Command Responsibility
elevata_state Render the metadata-defined architecture state
elevata_plan Render architecture change intent and policy decisions
elevata_promote Compare two architecture state artifacts
elevata_approve Create architecture approval artifacts
elevata_approval_check Verify approval artifacts
elevata_load Execute loads with preflight and guard checks

Architecture Control uses the same semantic path as execution:

Architecture State → Architecture Diff → MigrationPlan → Policy Decisions

The Architecture Control UI adds a constrained operational layer. Architecture Review Briefing summarizes reviewer attention from the current scoped report, review status and execution preview before approval or execution:

  • scope-aware report and review status
  • compact Architecture Review Briefing
  • approval artifact creation and verification
  • execution preview
  • controlled load execution
  • target-only execution for TargetDataset scopes
  • captured execution output
  • persisted Architecture Execution Records

Execution scopes are explicit:

Scope Execution behavior
All datasets Executes all active target datasets with dependency ordering
Schema Executes selected schema roots with dependency ordering
TargetDataset Executes the selected TargetDataset with dependency ordering
TargetDataset, target-only Executes only the selected TargetDataset

The default execution path remains lineage-aware.

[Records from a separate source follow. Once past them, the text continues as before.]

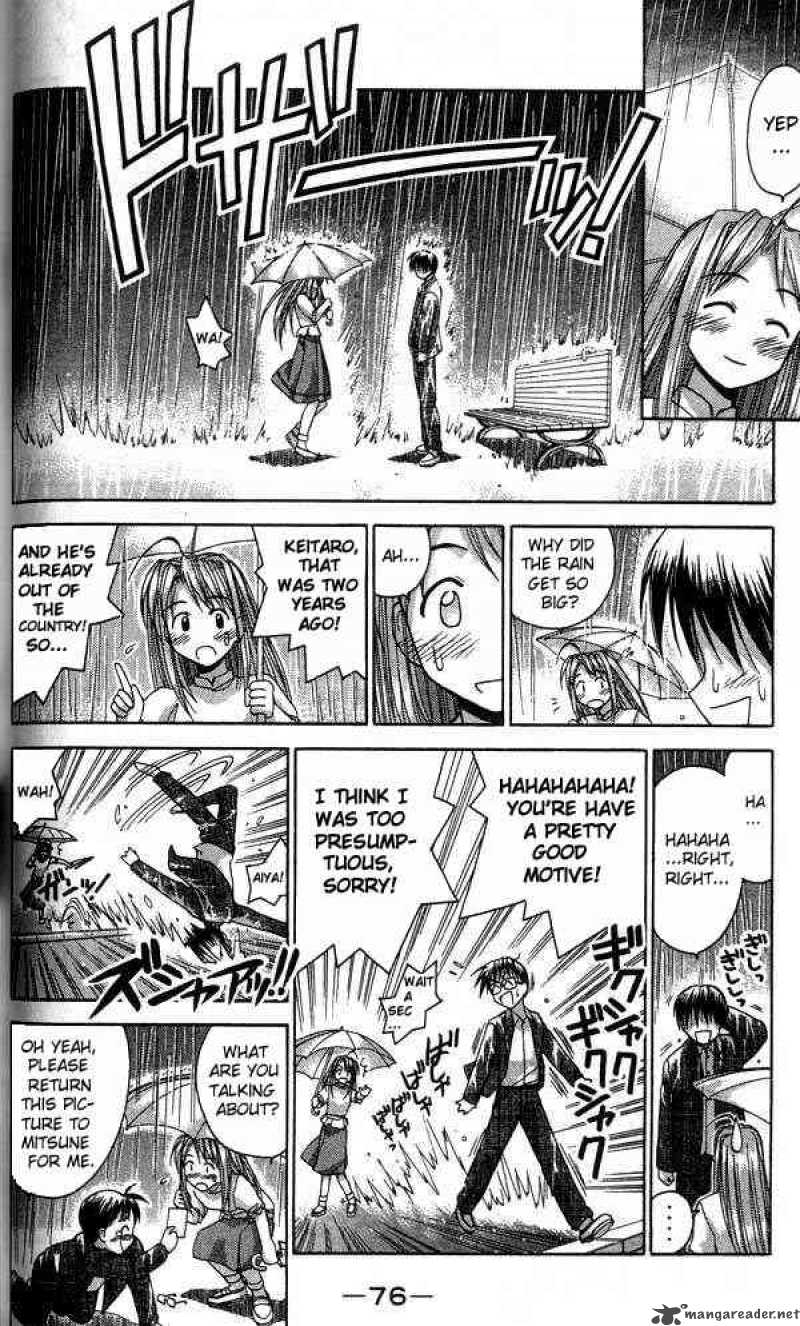 Love Hina - Chapter 28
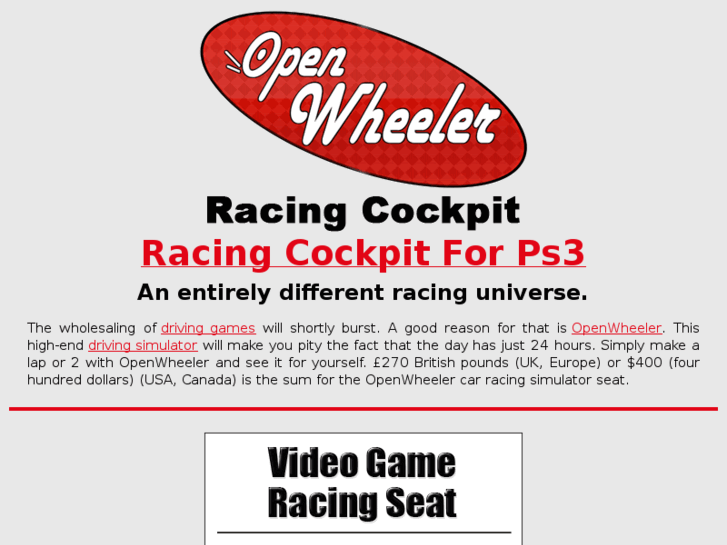 www.racingcockpitforps3.com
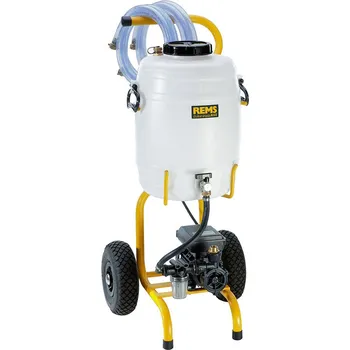 REMS Solar-Push K 60 plnící a proplachovací jednotka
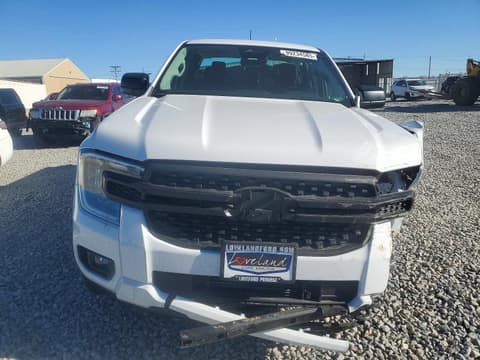 2025 Ford Ranger, VIN 1FTER4PH6SLE45374. Фото 5 з 6 з аукціону Copart. Каталог авто зі США OpenDataCar.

Target-only execution is available only for TargetDataset scopes and is intended for focused iteration when upstream data is already available.

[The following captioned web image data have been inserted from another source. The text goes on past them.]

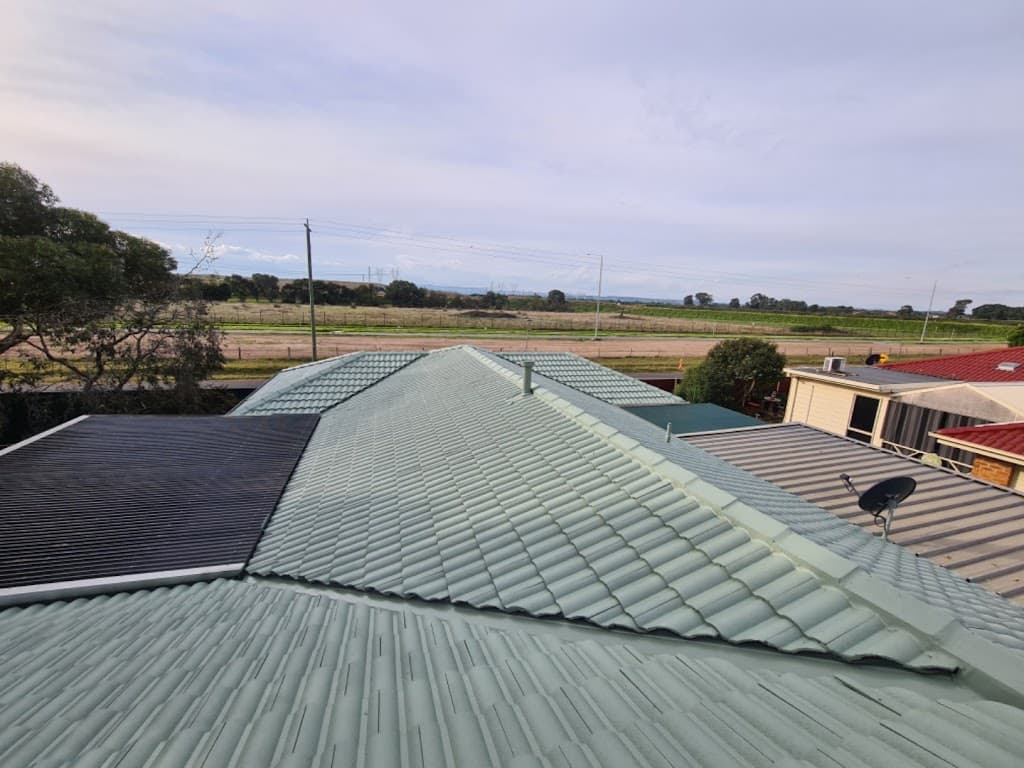 Captain Roof Repair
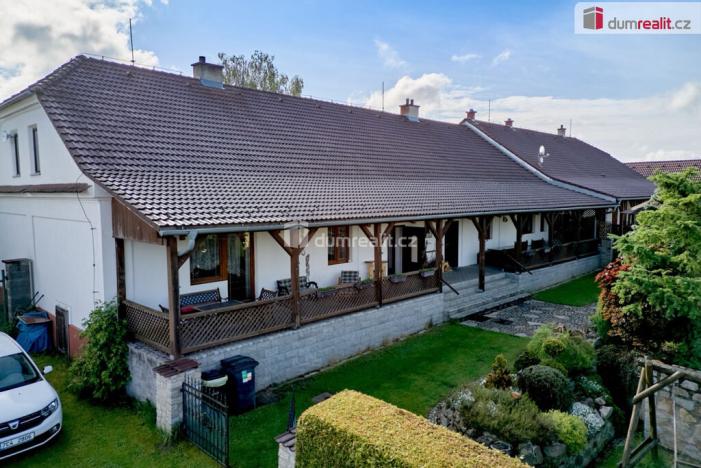 Prodej rodinného domu, Chlum u Třeboně, Chelčického, 286 m2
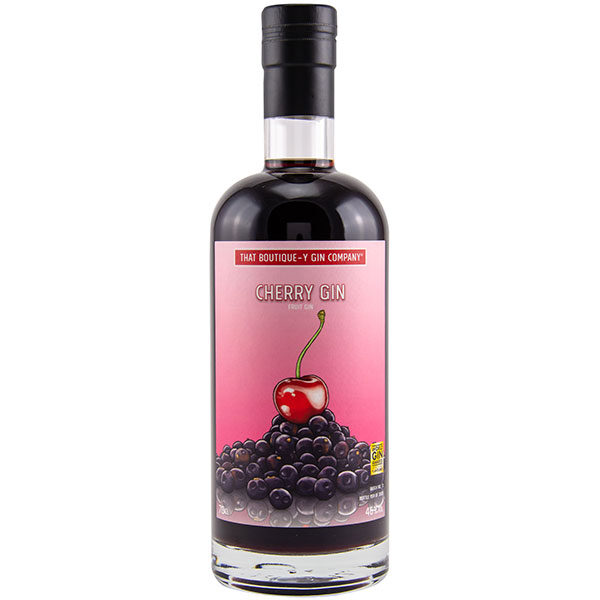 Cherry Gin (That Boutique-y Gin Company) 70cl – Bild 1
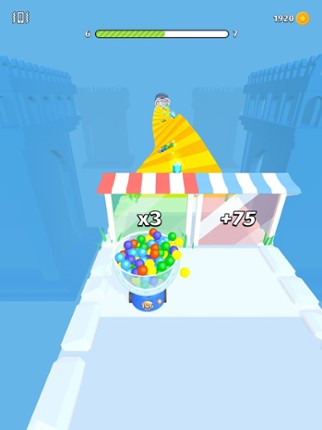 Fill It Up 3D! screenshot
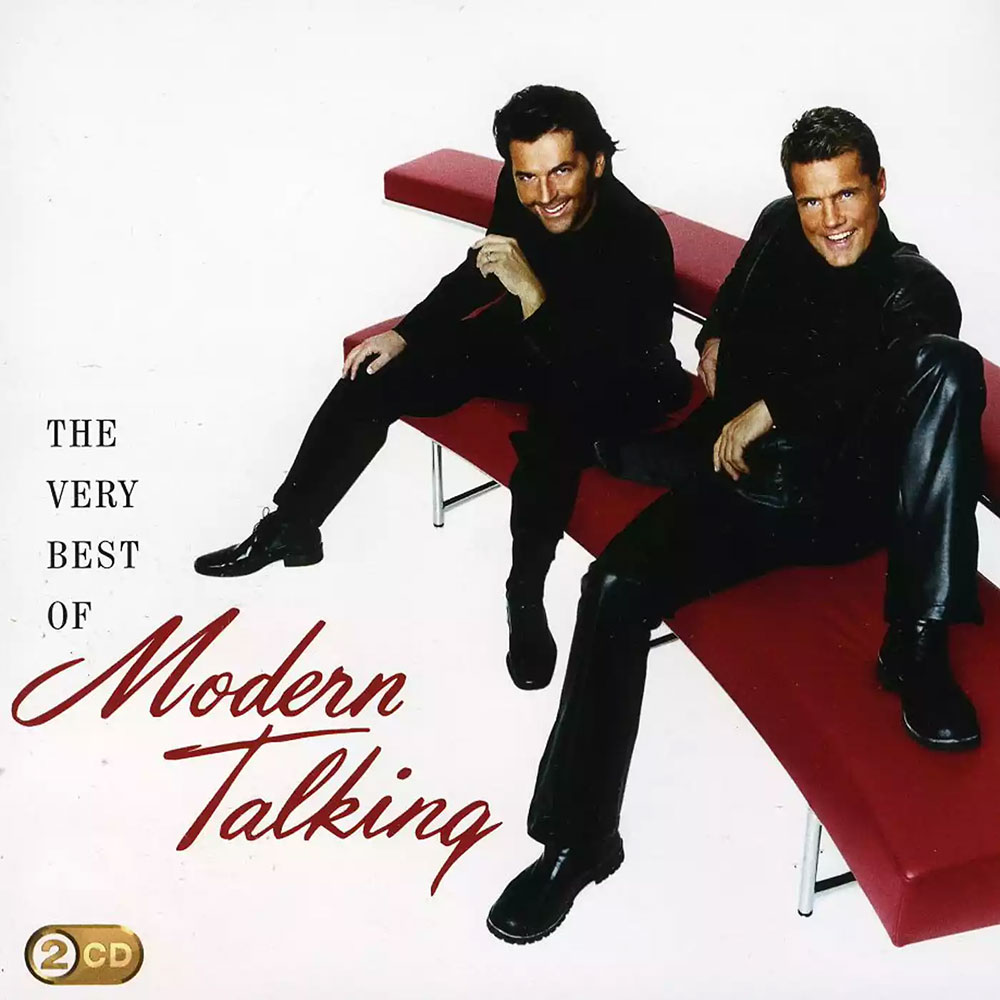 Modern Talking – The Very Best Of Modern Talking (2 CD)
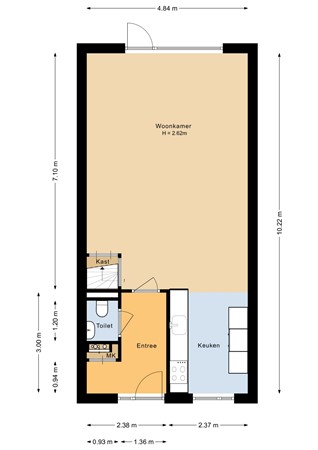 Veilingstraat 23, 5912 AG Venlo -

Architecture Execution Records capture the audit context of controlled execution:

  • execution identifier
  • operator
  • timestamps and duration
  • status and message
  • Architecture Control scope
  • dependency mode
  • report fingerprint
  • approval identifier
  • preview fingerprint
  • command invocation metadata
  • output and error tails
  • deterministic record fingerprint

🔧 3. Bizcore - Business Semantics as Metadata

elevata introduces a dedicated Bizcore layer for modeling business meaning, rules, and calculations as first-class metadata.

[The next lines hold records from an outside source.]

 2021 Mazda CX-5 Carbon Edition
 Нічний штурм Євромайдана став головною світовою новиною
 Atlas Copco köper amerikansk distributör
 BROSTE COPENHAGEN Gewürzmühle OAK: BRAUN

Bizcore sits explicitly between Core and Serving:

RAW → STAGE → CORE → BIZCORE → SERVING

🧩 What Bizcore is

  • A business semantics layer, not a technical projection
  • Explicitly modeled datasets and columns
  • Deterministically executed like all other datasets
  • Fully lineage-aware and explainable

Bizcore datasets express:

  • business concepts (e.g. Customer, Contract, Revenue)
  • business rules and classifications
  • derived business identifiers
  • KPIs and domain logic as dataset fields

🧩 What Bizcore is not

  • No BI semantic layer
  • No metric store
  • No query-time metric resolution
  • No tool-specific abstraction

Bizcore logic is compiled into the same logical plans and SQL as technical datasets, preserving elevata’s guarantees around determinism, transparency, and reproducibility.

🧩 Serving - Presentation Logic & Consumer Hand-off

Serving is the presentation-facing layer. Serving datasets typically expose Bizcore datasets 1:1 (often as views), while allowing consumer-specific shaping such as naming, ordering, and lightweight joins where required. Serving is intended as the hand-off layer to BI tools / semantic layers / frontend use cases - without moving business logic out of Bizcore.

🧩 Custom Query Logic (Query Tree)

For most datasets, elevata generates SQL automatically from metadata. In semantic layers (bizcore, serving), elevata additionally supports Custom Query Logic via an explicit Query Tree.

The Query Tree defines the shape of a query (e.g. windowing, aggregation steps, union composition) while remaining fully metadata-native.

If enabled, the Query Tree is compiled into the same Logical Plan and Expression AST used by the default generation pipeline. If disabled, elevata falls back to fully automatic SQL generation.

This ensures advanced query shaping without introducing manual SQL or breaking determinism, lineage, or governance guarantees.


🔧 4. Incremental Processing Path

Stage Dataset
  ↓  (Lineage Mapping)
Merge SQL
  ↓
Delete Detection
  ↓
Rawcore Dataset

These two strategies are currently implemented:

  • full
  • merge

Both operate exclusively between Stage → Rawcore.


🔧 5. Dialect Resolution Overview

ELEVATA_SQL_DIALECT env var  →  Dialect Adapter (override)
Active Profile (elevata_profiles.yaml)  →  Dialect Adapter
DuckDBDialect (fallback)  →  Dialect Adapter

The resolution order is:

  1. Environment override
  2. Profile definition
  3. DuckDB fallback

🔧 6. Unified SQL Generation Pipeline

Metadata Model
  → Logical Plan Builder
  → SQL Renderer
  → Dialect Adapter
  → Load SQL (full, merge, delete)

🔧 7. Why This Architecture Matters

  • Vendor neutrality via dialect adapters
  • Determinism via SQL rendering rules
  • Traceability via lineage-driven logic
  • Extensibility (new dialects, strategies, materializations)
  • Incremental ready with merge + delete detection
  • Safe for CI/CD - predictable SQL for diffing and testing
  • Execution & Logging are part of the system


© 2025-2026 elevata - Technical Documentation